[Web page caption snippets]
*-*-*

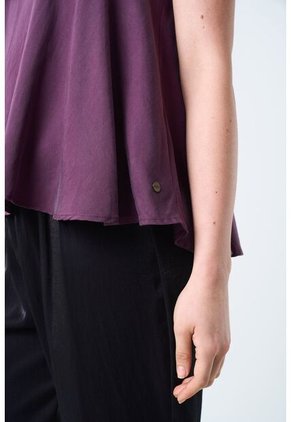 Camisa Canes Fit Holgado Para Mujer Detalle Trenzado Camisa Canes Fit Holgado Para Mujer Detalle Trenzado Mora XS VÉLEZ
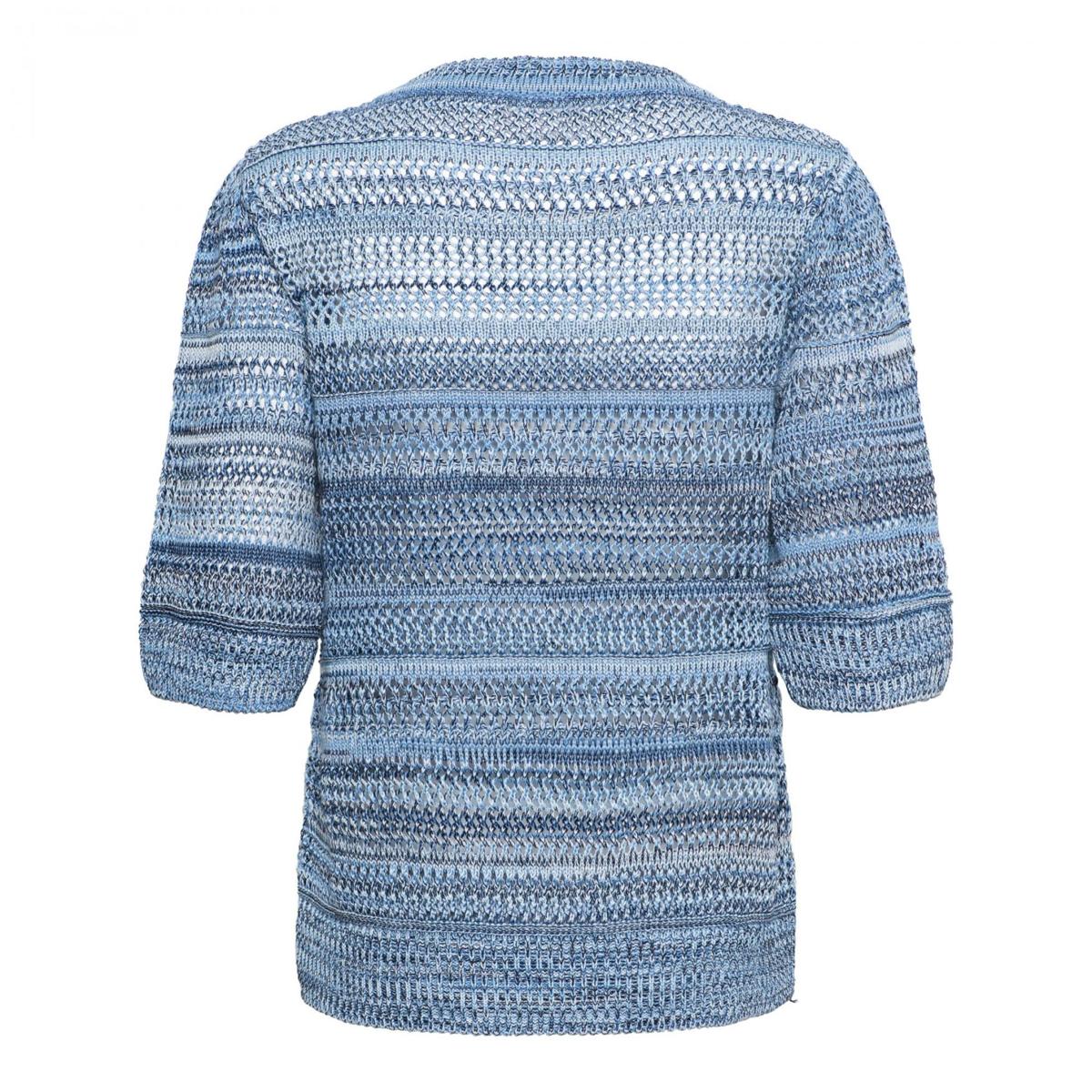 &Co Woman &Co Woman Trui PU128 Blauw 2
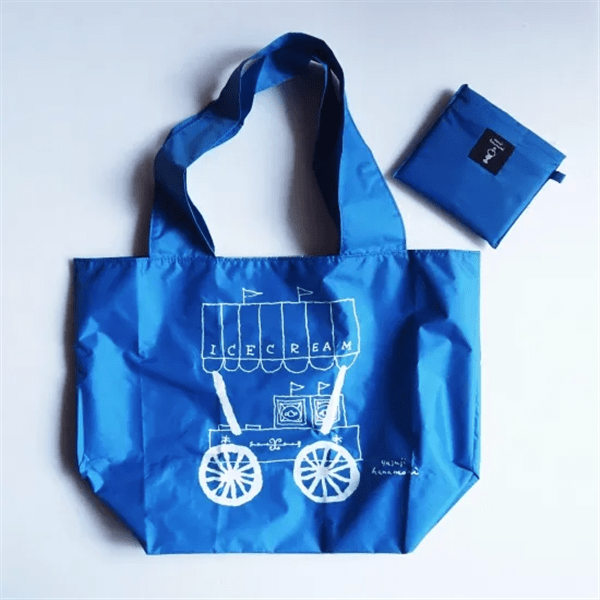 花森安治 エコバッグ（ミニ・ブルー）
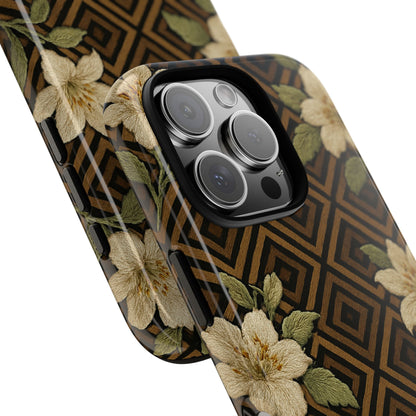 Velvet Bloom • Apple iPhone 16 • MagSafe® Tough Case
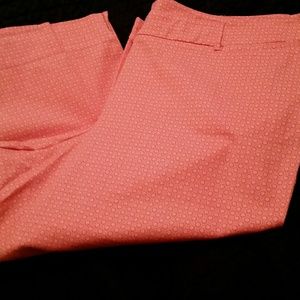 Poplin crop pants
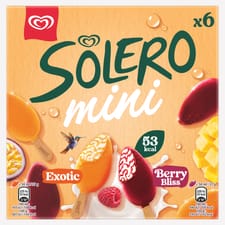 Solero Exotic Berry Bliss 6x50ml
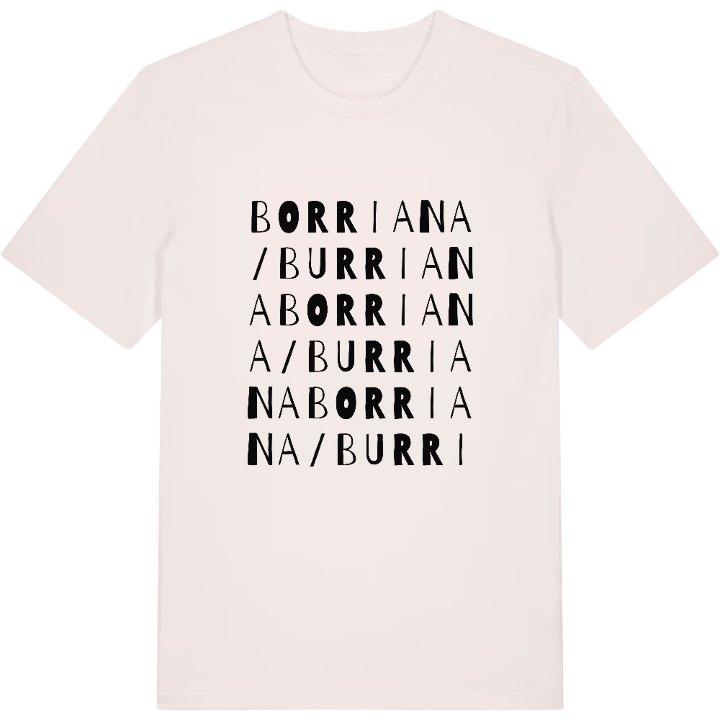 Borriana / Burriana ordlek t-shirt – t-shirt från PinShirt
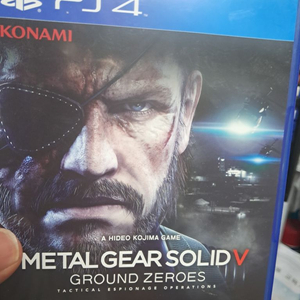 ps4 메탈기어솔리드 그라운드제로 정발 영문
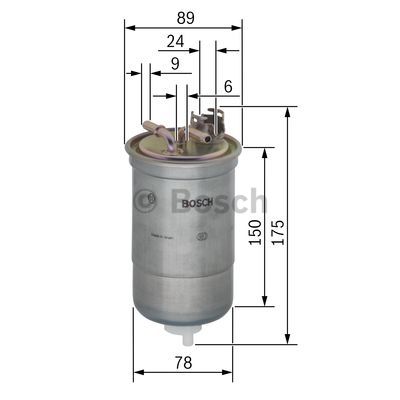 Топливный фильтр MANN-FILTER арт. 0450906267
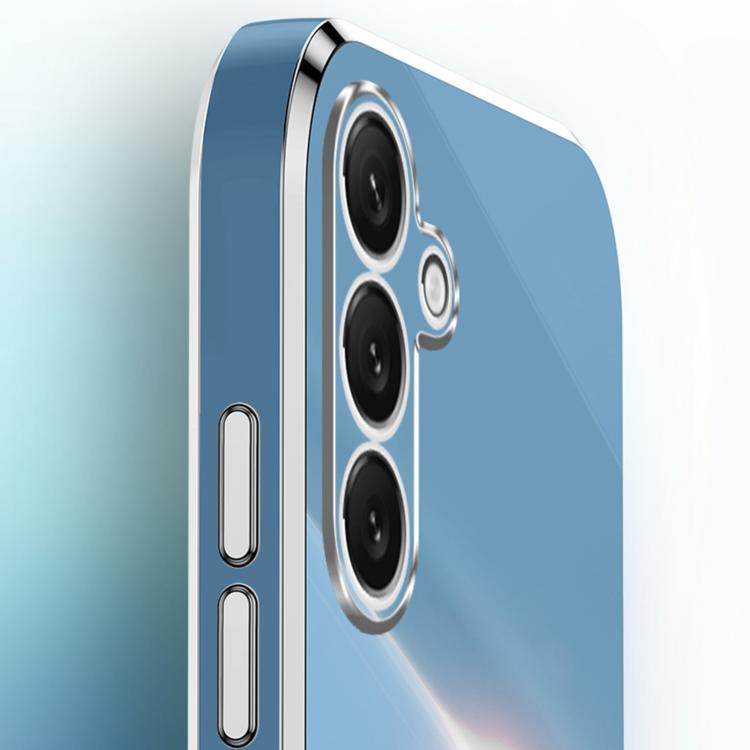 For Samsung Galaxy S25 FE 5G XINLI Straight Edge 6D Electroplate TPU Phone Case(Pink)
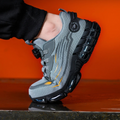 Men's Safety Sneakers – Breathable Mesh – Protected Toe – Shock Absorbing Sole – Lace Rotation System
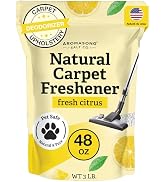 Aromasong Carpet Deodorizer - 100% Natural Carpet Freshener Powder - Safe For Pets - Carpet Powde...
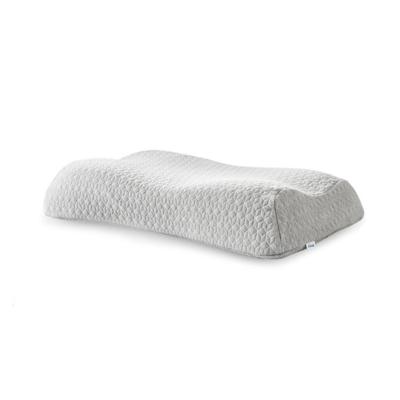 China Anti-static Comfortable Adjustable Gray Knitting Fabric Bedroom Sleep B Shape Pillow For All Age for sale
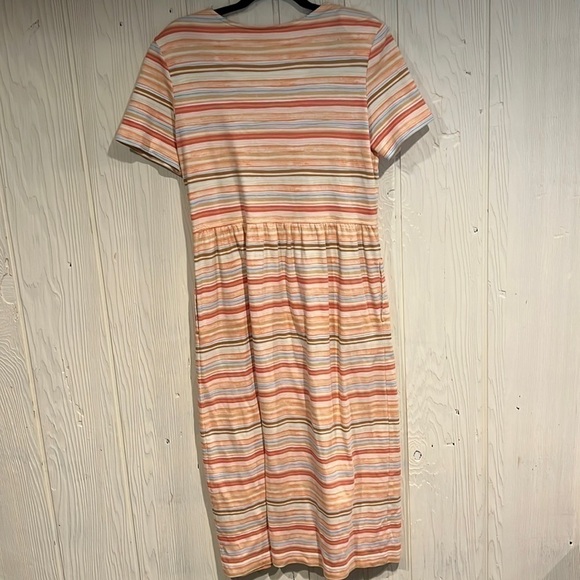 Talbots Short Sleeve Long Dress with Buttons, Size M - Picture 6 of 10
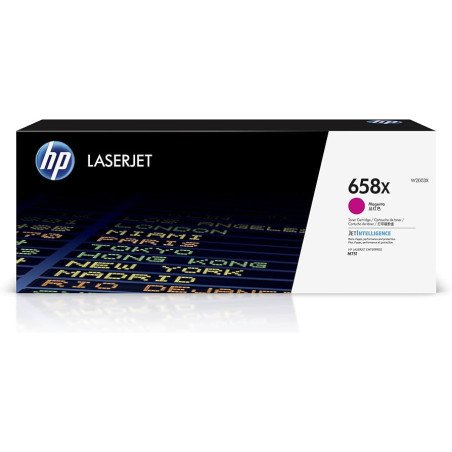 Cartucho Tóner HP Magenta 658X - Laser, LaserJet Enterprise M751dn, Caja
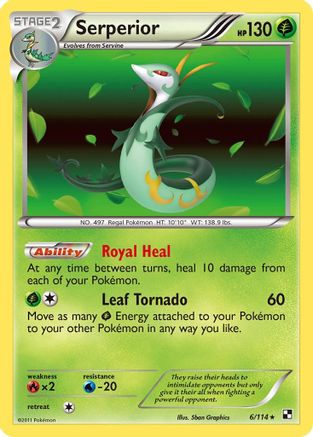 Serperior (6) 006  - Reverse Holofoil Black and White - Holo Rare
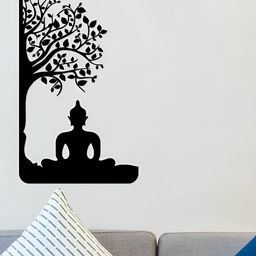 ARTROOMS Black Metal Buddha Wall Decor-picture-10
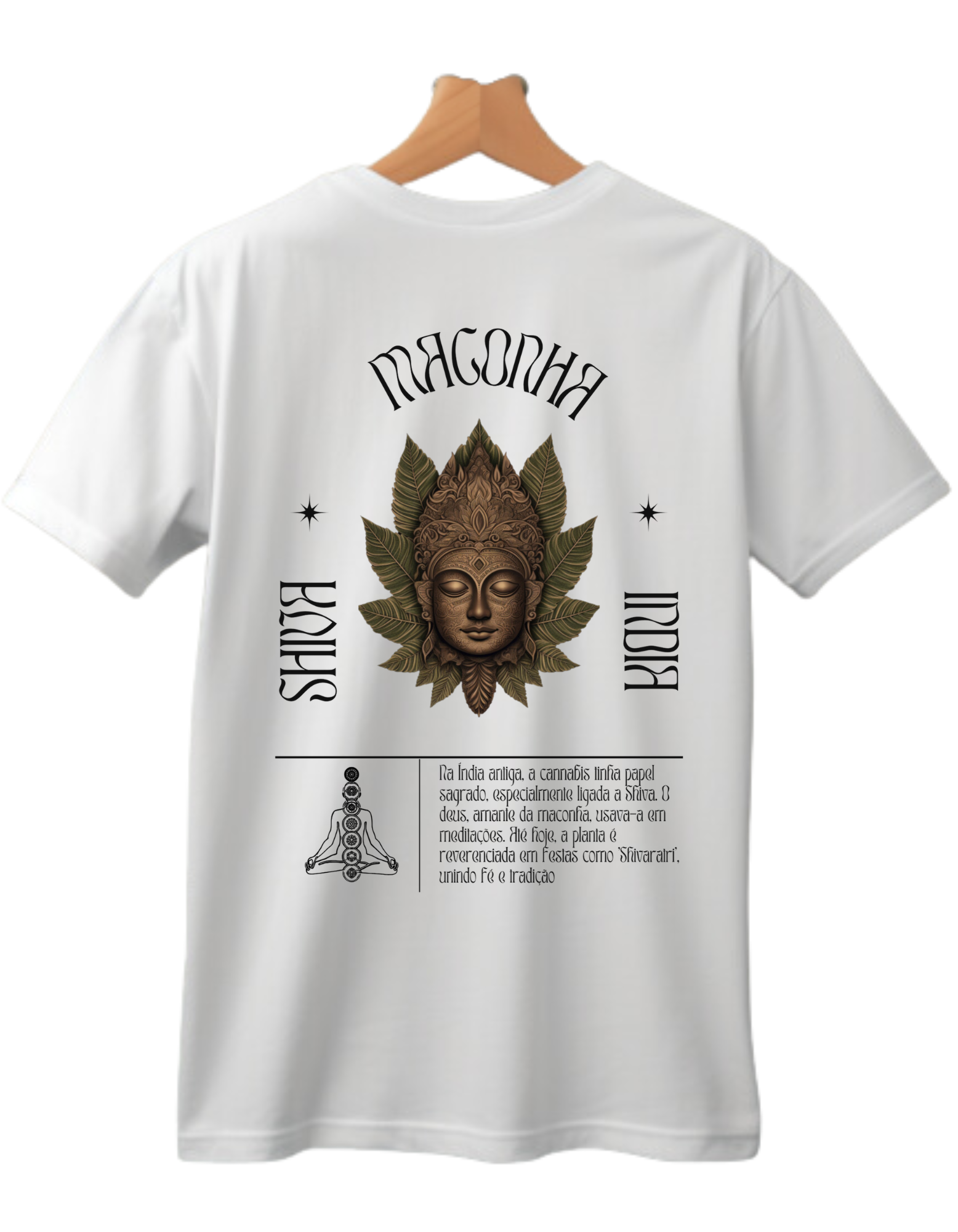 Camisa Ervas da India - Branca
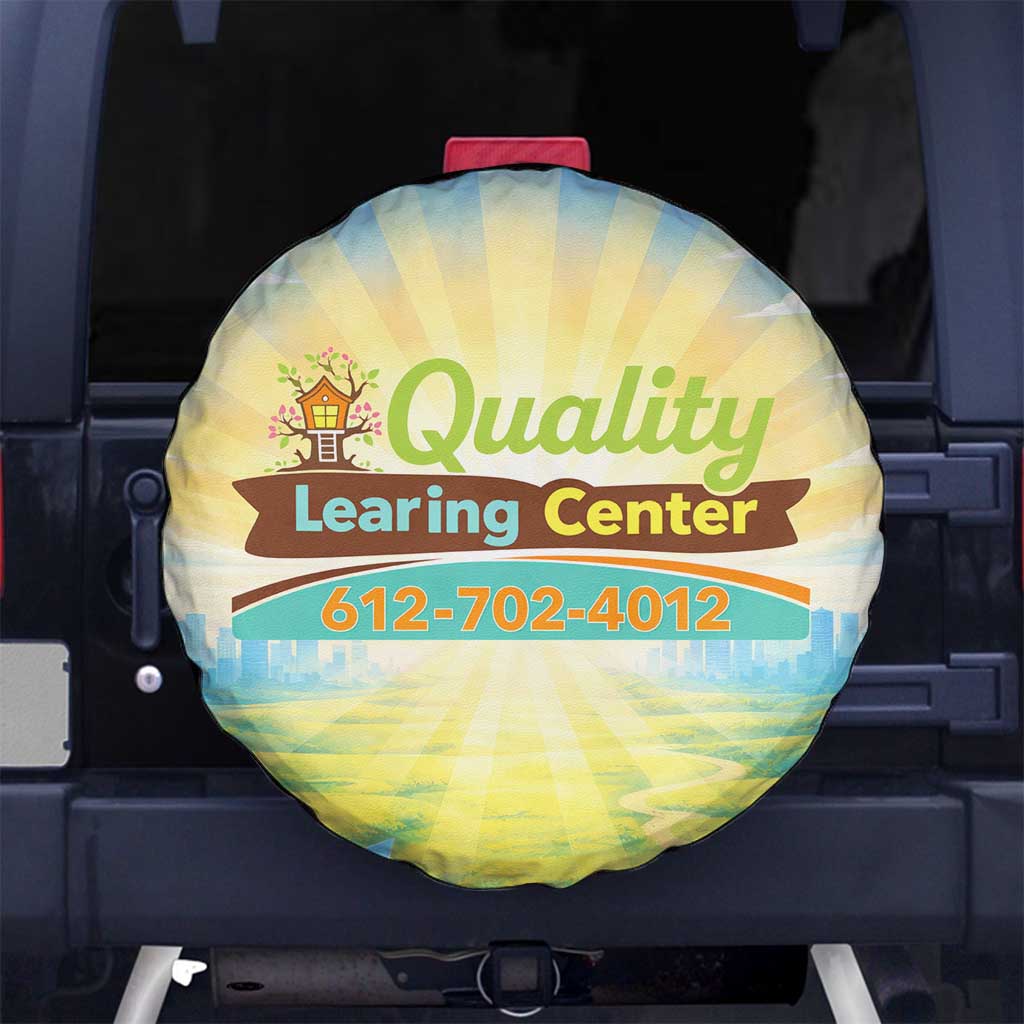 Quality Learning Center Spare Tire Cover Funny Day Care Bright and Playful Branded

*-*-*

**TASK DIRECTIONS**
Starting at the line above with "Топливный фильтр MANN-FILTER арт. 0450906267", output every line exactly up to and including the line with "Talbots Short Sleeve", but none of the pictures.

**EXERCISE RESULT**
 Топливный фильтр MANN-FILTER арт. 0450906267
 For Samsung Galaxy S25 FE 5G XINLI Straight Edge 6D Electroplate TPU Phone Case(Pink)
 Men's Safety Sneakers – Breathable Mesh – Protected Toe – Shock Absorbing Sole – Lace Rotation System
 Aromasong Carpet Deodorizer - 100% Natural Carpet Freshener Powder - Safe For Pets - Carpet Powde...
 China Anti-static Comfortable Adjustable Gray Knitting Fabric Bedroom Sleep B Shape Pillow For All Age for sale
 Talbots Short Sleeve Long Dress with Buttons, Size M - Picture 6 of 10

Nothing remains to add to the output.